Trois mois après son départ de la présidence des divisions européennes et américaines de SEGA, Mike Hayes livre à Edge ses nouveaux projets et sa vision de l'industrie. Morceaux choisis.

Pour les deux du fond qui ne le connaîtraient pas, Mike Hayes fait lui même les présentations :

 J'ai débuté dans l'industrie du jeu vidéo en 1989, ça fait 23 ans aujourd'hui [...] Je ne suis ni un designer, ni un développeur de formation, pas plus que je ne suis un entrepreneur. Je suis un marketeur et un vendeur. Tout au long de ma carrière, j'ai pris de bons jeux sous mon aile et je me suis chargé de les accompagner dans leur réussite commerciale, parfois même à les rendre célèbres, en adoptant les bonnes stratégies marketing et un business management fort. J'ai participé au repositionnement de la NES, ainsi qu'au lancement de la Gameboy et de la Super NES en tant que Marketing Director chez Nintendo UK. J'ai également travaillé chez Codemasters sur des titres comme Colin McRae Rally, TOCA ou Operation Flashpoint. Après chez SEGA, j'ai conduit la mutation de la société en un éditeur multiplateforme et j'ai participé à l'acquisition des studios The Creative Assembly et Sports Interactive, avec à la clé des succès majeurs comme les séries Total War, Football Manager ou aussi Mario & Sonic »
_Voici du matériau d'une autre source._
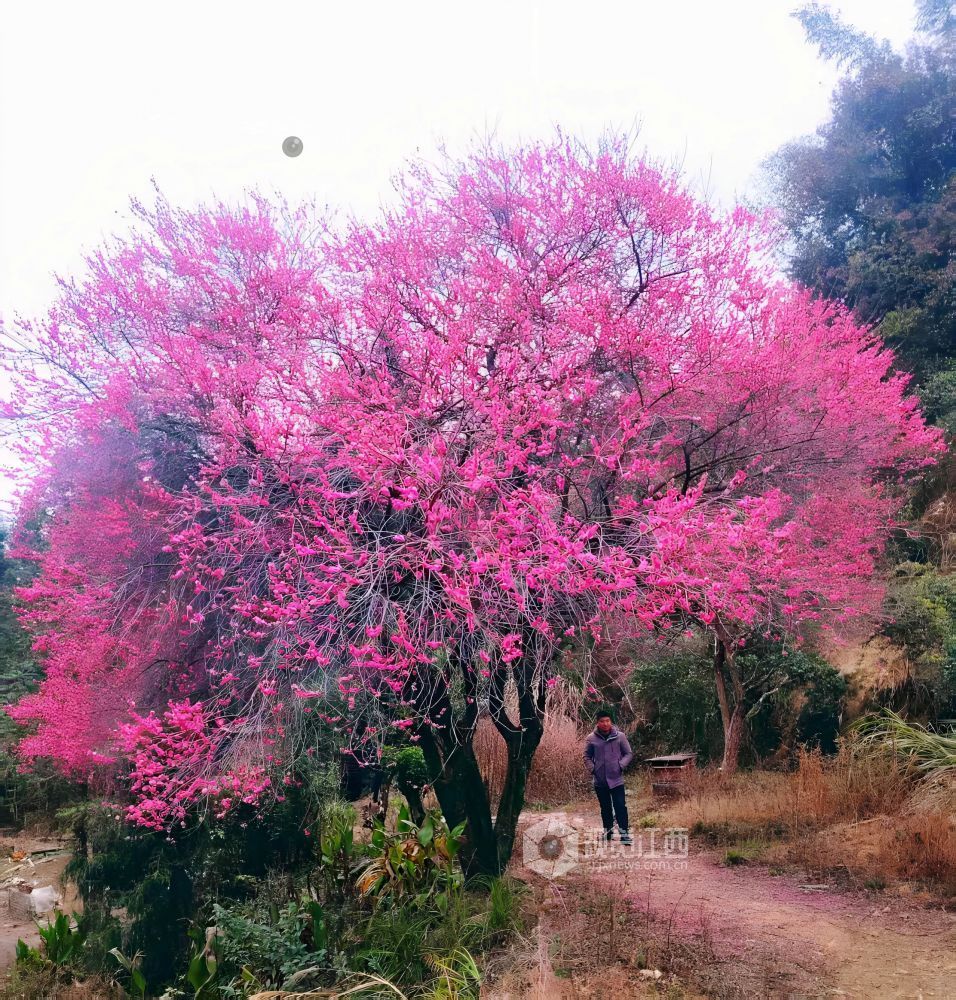 2026年1月28日,江西省遂川县大坑乡灵潭村芳田洞组的百年古梅迎来盛花期,满树绯红的梅花如云似霞,宛如披红纱的窈窕仙子缀满枝头,在层叠山林间绽放出冬日里最热烈的色彩。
 Voilà qui nous pose un homme. Mais quel regard porte-t-il aujourd'hui sur l'industrie ?

Ca a été fascinant de faire partie de cette industrie et de la voir évoluer, surtout ces trois dernières années où nous avons connu des changements importants, tant dans la manière dont les joueurs achètent et consomment leurs jeux que dans la façon dont les développeurs et éditeurs se positionnent sur le marché. Ironiquement, la sphère du développement est en train de revenir aux sources avec de petites équipes innovantes ou des gens seuls dans leur coin capables de créer et de sortir des jeux par eux-mêmes. J'ai travaillé de nombreuses années chez Codemasters et je retrouve aujourd'hui avec les tablettes et les smartphones le même niveau d'innovation qu'à l'époque [...] Les nouvelles plateformes ont permis aux développeurs de s'émanciper et ont redonné aux créatifs le pouvoir de créer des jeux excitants, un peu comme au tournant des années 80 / 90 »
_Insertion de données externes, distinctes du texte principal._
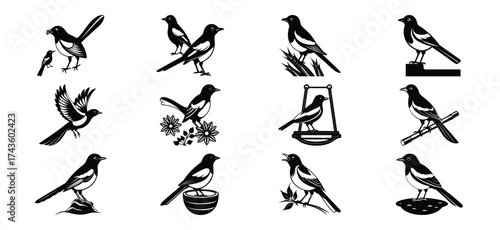 Collection of cute cartoon mice characters engaged in various activities and celebrations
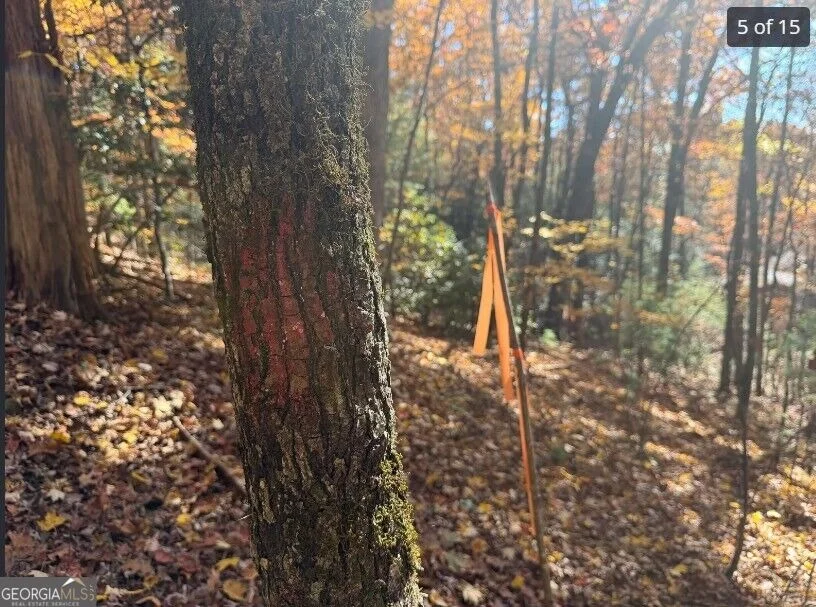 Photo of LOTS 12 &14 Crows Nest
Des propos qui en rappellent d'autres... Mais est-ce à dire que l'industrie avait perdu de sa capacité à innover ces dernières années ? Oui dit-il à Edge

 Les gros éditeurs et les constructeurs de consoles - SEGA y compris - ont amené le marché vers des coûts de développement toujours plus élevés et se sont concentrés sur les suites, avec pour effet un fléchissement de l'innovation. Maintenant, nous avons la liberté de nous montrer super créatifs, et ce, sans forcément dépenser beaucoup »

Une liberté à laquelle Mike Hayes pourra toucher puisqu'il est aujourd'hui Non Executive Director chez Caperfly, une toute jeune société britannique qui recrute actuellement pour développer et éditer, je cite, "des jeux de grande qualité sur iOS, Android et les Smart TV". A suivre. Sinon, fort de ses 23 ans d'expérience dans l'industrie, ce diplômé en géographie de l'université de Leicester s'est engagé dans un programme d'accompagnement pour jeunes entrepreneurs. Pendant un an, Mike Hayes y dispensera ses conseils et animera des ateliers coaching pour préparer la relève. Une sorte de mentor.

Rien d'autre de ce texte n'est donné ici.